Ce type de violence faite au classique par Artaud le mène aussi à une réflexion sur la propriété des textes. Il écrit en 1947:
J'ai eu le sentiment, en lisant le petit poème de Lewis Carroll sur les poissons, l'être, l'obéissance, le « principe» de la mer, et dieu, révélation d'une vérité aveuglante, ce sentiment, que ce petit poème c'est moi qui l'avais et pensé et écrit, en d'autres siècles, et que je retrouvais ma propre œuvre entre les mains de Lewis Carroll.
Une telle réflexion n'est pas incompatible avec l'idée d'un texte libre de droit. Ce texte, même s'il est associé à un auteur, ne lui appartient plus en propre au sens où il n'a plus de droits acquits sur lui. Si Artaud revendique une propriété sur sa traduction, il ne revendique pourtant pas la propriété du texte de Carroll. Il dit plutôt que la pensée de ce texte n'est pas appropriable, qu'elle est collective au sens où tout le monde peut la reprendre. En s'insérant dans le texte, il amorce en fait le démontage de l'idée de propriété intellectuelle. Les oeuvres littéraires apparaissent ainsi comme de la matière plutôt que comme des productions culturelles, une matière certes fragile, mais néanmoins malléable et appropriable.

Et comme pour Pride and Prejudice and Zombies, la glose d'Artaud s'insère dans le texte et non pas en son retrait comme commentaire. L'Arve et l'aume m'apparaît lui aussi relever de cette époque encore à venir où la transmission du fonds livresque a abandonné l'idéal fétichiste de conservation des textes pour accepter que leur survie passe d'abord par leur diffusion d'un copiste à l'autre, avec les pertes et les modifications qu'un tel mode de transmission implique.

Donc Pride and Prejudice and Zombies et L'Arve et l'aume, c'est la même chose. À cette exception que le premier texte est d'un comique franchement débile écrit par un dude, et que l'autre est d'un comique inquiétant écrit par un monument. D'avant-garde s'il en fut.

3 commentaires:

La Loove a dit…

Je ne sais pas, c'est peut-être la différence de registre, mais je ne suis pas sûre d'y voir la même chose. Il me semble que pour Jane, c'est un jeu avec l'objet et sa représentation. Pour Carroll et Artaud, c'est une insertion, une appropriation toute personnelle, un prétexte même pour Artaud, un cadre où il s'insère et se met lui-même en jeu. Et non seulement le comique, mais le plaisir aussi est tout à fait différent.
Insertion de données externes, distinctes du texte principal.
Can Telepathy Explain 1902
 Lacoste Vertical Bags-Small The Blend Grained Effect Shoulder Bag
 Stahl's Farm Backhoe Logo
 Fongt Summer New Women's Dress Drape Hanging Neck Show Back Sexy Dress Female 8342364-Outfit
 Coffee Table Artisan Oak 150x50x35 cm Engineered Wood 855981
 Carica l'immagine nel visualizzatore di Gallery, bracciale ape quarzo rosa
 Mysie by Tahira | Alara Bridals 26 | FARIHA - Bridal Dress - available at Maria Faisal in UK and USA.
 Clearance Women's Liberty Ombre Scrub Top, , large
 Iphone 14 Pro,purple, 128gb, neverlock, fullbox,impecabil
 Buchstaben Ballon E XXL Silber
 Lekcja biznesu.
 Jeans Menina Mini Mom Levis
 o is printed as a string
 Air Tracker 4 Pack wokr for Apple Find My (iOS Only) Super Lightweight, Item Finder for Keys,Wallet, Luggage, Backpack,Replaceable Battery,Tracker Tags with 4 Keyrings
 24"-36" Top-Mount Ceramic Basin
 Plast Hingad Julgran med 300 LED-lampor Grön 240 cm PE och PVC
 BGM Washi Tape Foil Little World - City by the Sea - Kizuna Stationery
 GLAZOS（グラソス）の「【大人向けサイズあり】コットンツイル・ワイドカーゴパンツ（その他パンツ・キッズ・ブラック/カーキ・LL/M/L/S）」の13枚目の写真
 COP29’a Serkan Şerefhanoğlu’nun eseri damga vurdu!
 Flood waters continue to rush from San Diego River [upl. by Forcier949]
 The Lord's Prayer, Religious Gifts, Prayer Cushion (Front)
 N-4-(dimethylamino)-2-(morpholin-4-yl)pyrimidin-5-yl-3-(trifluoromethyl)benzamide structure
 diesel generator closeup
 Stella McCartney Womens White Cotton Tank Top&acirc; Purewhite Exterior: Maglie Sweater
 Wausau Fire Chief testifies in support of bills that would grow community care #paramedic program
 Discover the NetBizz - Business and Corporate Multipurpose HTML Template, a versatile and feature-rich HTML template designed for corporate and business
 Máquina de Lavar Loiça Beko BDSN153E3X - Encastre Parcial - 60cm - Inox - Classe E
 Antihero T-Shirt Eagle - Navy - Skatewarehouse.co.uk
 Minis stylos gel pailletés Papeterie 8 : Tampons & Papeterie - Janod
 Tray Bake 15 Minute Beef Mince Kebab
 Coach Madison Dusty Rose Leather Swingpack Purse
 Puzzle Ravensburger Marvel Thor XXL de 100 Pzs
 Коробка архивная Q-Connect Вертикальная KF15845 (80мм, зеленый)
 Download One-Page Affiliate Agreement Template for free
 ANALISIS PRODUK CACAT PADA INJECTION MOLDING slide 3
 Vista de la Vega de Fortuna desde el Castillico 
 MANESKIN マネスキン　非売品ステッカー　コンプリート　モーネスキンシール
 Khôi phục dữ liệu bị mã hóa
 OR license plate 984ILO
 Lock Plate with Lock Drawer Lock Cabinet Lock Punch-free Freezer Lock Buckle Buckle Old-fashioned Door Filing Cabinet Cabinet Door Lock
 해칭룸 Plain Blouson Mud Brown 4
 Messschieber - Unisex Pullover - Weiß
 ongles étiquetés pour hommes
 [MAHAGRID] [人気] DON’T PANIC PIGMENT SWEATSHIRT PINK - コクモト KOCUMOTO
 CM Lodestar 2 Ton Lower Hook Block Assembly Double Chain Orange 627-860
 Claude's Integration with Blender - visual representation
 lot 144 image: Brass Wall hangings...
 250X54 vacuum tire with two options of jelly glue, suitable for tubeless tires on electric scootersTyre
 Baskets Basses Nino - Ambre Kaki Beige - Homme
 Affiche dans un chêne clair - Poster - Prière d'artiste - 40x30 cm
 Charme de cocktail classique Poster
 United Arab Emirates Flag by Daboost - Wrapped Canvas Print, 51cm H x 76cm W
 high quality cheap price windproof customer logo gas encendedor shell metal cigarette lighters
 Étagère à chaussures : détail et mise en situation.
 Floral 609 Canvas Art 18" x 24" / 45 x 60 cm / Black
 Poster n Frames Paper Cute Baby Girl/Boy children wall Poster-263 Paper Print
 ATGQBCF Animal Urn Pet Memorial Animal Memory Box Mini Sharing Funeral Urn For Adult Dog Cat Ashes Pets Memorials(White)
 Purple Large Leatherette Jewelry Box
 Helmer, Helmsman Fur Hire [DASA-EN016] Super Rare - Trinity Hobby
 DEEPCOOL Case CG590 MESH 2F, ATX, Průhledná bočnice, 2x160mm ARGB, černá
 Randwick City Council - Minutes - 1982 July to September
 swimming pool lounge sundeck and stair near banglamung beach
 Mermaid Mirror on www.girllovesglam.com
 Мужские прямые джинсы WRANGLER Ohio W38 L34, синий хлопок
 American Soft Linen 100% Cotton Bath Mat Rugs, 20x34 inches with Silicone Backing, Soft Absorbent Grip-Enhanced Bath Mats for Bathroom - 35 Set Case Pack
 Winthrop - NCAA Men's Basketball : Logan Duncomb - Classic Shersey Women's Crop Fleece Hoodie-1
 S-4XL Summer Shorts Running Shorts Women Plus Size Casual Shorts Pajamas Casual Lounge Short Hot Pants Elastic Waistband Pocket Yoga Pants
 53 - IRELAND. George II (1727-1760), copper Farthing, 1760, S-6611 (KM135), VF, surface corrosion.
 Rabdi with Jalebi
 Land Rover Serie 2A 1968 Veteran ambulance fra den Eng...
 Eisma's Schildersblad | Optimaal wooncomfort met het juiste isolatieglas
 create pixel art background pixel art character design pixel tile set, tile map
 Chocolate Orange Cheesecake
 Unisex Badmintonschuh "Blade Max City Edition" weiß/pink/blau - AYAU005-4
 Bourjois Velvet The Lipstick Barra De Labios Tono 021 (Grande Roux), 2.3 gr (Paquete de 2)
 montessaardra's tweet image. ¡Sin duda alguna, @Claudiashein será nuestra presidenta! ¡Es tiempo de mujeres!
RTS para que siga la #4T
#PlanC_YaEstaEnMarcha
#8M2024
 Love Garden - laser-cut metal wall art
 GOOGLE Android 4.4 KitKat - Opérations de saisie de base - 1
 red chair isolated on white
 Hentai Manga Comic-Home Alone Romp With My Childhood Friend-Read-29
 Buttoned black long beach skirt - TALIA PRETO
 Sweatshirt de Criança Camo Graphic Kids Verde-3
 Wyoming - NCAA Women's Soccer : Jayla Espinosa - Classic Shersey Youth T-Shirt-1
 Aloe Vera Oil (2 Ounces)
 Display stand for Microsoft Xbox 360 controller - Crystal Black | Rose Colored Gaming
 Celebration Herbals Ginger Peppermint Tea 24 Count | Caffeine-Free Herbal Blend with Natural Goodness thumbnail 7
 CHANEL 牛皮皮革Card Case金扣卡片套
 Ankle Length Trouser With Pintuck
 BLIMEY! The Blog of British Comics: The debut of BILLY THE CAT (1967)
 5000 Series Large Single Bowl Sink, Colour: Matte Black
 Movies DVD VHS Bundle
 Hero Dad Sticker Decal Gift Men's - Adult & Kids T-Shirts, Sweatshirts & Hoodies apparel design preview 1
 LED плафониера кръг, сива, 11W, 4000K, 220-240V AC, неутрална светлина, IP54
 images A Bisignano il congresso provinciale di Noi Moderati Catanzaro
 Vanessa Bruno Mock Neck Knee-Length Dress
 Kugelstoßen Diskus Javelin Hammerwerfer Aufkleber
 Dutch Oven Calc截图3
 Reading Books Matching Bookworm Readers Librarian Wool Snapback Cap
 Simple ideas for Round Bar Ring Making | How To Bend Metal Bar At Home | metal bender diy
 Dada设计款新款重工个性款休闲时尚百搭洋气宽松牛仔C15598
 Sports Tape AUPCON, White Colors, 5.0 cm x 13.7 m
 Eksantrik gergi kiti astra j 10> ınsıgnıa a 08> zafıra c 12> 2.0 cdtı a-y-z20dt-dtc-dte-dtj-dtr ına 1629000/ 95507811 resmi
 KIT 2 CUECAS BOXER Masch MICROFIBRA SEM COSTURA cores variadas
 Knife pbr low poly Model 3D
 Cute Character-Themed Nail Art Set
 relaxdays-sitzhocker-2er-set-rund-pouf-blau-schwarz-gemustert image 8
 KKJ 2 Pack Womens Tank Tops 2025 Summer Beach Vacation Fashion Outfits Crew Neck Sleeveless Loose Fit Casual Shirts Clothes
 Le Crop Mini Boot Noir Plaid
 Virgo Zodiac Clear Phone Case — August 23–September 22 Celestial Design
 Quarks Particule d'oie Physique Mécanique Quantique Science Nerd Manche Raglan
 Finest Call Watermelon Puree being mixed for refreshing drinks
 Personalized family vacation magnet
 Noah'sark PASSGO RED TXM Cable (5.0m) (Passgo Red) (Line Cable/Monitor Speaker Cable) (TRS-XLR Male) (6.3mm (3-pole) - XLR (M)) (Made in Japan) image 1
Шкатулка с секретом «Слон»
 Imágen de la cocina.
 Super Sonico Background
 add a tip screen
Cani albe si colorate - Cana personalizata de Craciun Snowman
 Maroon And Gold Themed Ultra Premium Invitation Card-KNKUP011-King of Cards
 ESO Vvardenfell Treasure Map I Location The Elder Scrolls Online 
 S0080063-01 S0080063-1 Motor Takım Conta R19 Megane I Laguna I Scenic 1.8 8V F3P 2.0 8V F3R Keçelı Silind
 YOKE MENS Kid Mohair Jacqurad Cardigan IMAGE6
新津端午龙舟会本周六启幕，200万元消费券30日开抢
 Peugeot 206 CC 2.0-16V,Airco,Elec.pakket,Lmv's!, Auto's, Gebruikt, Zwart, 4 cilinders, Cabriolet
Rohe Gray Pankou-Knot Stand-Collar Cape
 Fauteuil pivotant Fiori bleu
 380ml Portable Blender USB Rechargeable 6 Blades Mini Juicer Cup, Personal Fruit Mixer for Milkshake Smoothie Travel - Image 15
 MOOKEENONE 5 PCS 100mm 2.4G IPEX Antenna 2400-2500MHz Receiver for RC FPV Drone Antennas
Non?

Doctorak, go! a dit…

Ça ferait tellement le meilleur sujet de dissertation parce qu'on peut réponde oui ou non et les plus intelligents vont dire un peu des deux.
Est-ce que quelqu'un veut mettre les deux textes au programmes ou est-ce qu'il va falloir que je change mes plans de carrière pour devenir le prof d'université que j'ai toujours rêvé d'être? (Dans ce cas, il faudrait aussi penser à se battre pour réformer les structures départementales.)

Christian Roy, aka Leroy a dit…

en tout cas, ç'aurait été plus hot que de prendre position pour ou contre l'art engagé (robbe-grillet vs sartre).

deviens prof au cégep, tu peux faire n'importe quoi dans ces asiles-là.